### What you need to do
In the listing that follows, how many lines include the string "Modern"? Reply with only the number.

### Input for this task
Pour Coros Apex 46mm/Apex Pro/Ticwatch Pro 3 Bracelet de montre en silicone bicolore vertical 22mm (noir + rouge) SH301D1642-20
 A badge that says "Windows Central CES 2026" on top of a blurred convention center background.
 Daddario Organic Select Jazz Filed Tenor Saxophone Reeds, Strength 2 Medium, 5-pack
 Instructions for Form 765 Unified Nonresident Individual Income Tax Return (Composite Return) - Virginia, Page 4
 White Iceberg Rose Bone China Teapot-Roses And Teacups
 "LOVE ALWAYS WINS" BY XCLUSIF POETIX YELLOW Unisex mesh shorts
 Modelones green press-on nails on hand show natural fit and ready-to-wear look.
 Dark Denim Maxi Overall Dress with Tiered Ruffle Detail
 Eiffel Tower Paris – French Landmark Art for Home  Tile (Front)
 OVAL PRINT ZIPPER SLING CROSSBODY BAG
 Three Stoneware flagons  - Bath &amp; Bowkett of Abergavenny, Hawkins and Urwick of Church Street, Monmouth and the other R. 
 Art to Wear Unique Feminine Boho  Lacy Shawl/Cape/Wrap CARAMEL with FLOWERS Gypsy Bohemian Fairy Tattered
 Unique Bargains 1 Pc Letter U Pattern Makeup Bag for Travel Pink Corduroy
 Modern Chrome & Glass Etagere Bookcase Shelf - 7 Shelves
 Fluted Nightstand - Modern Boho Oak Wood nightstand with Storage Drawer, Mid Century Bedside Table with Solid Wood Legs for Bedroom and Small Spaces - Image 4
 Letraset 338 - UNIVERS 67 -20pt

### Exercise answer
2